RECORDED INFORMATION –
════════

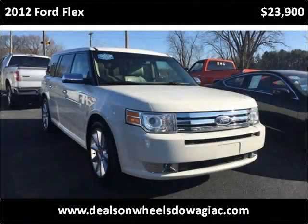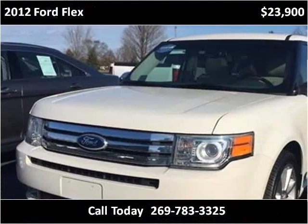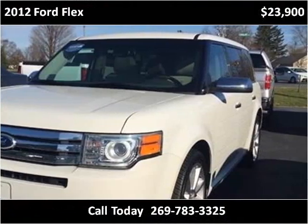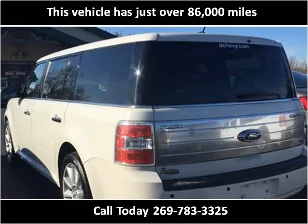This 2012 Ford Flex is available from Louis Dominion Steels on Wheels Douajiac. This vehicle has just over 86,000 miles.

════════

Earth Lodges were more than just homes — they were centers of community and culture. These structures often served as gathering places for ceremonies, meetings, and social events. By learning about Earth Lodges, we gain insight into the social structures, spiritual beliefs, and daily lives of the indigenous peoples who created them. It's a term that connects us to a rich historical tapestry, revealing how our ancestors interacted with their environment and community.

════════

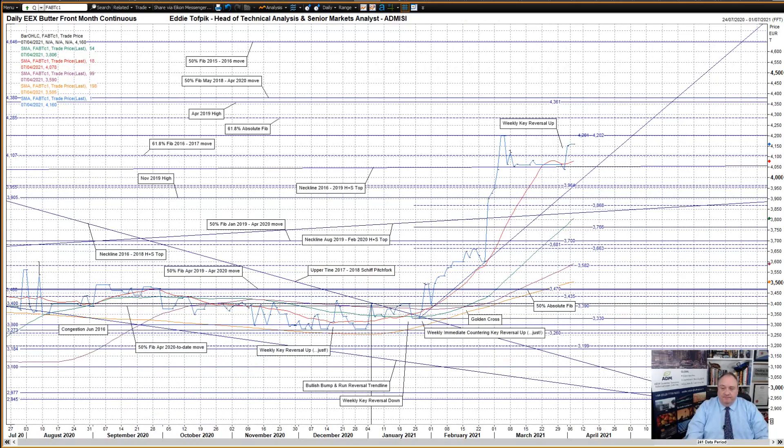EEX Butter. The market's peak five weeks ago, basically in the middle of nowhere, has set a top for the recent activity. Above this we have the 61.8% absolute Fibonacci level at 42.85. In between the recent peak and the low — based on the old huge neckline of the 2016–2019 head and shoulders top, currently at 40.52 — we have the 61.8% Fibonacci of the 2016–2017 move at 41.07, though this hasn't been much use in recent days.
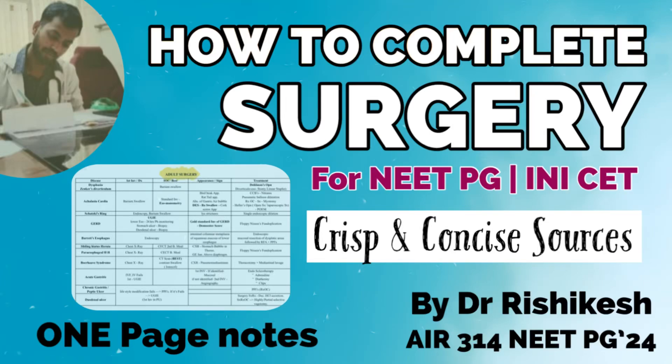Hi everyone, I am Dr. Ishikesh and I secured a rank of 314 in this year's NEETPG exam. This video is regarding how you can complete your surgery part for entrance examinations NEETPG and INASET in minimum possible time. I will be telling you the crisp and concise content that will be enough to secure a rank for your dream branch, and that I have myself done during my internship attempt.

════════

PROBLEM DETAILS – Word for word, write out the lines above running from the one with "EEX Butter. The" up to and including the one with "Hi everyone, I". Drop any picture.

SOLUTION TO THIS TASK –
EEX Butter. The market's peak five weeks ago, basically in the middle of nowhere, has set a top for the recent activity. Above this we have the 61.8% absolute Fibonacci level at 42.85. In between the recent peak and the low — based on the old huge neckline of the 2016–2019 head and shoulders top, currently at 40.52 — we have the 61.8% Fibonacci of the 2016–2017 move at 41.07, though this hasn't been much use in recent days.
Hi everyone, I am Dr. Ishikesh and I secured a rank of 314 in this year's NEETPG exam. This video is regarding how you can complete your surgery part for entrance examinations NEETPG and INASET in minimum possible time. I will be telling you the crisp and concise content that will be enough to secure a rank for your dream branch, and that I have myself done during my internship attempt.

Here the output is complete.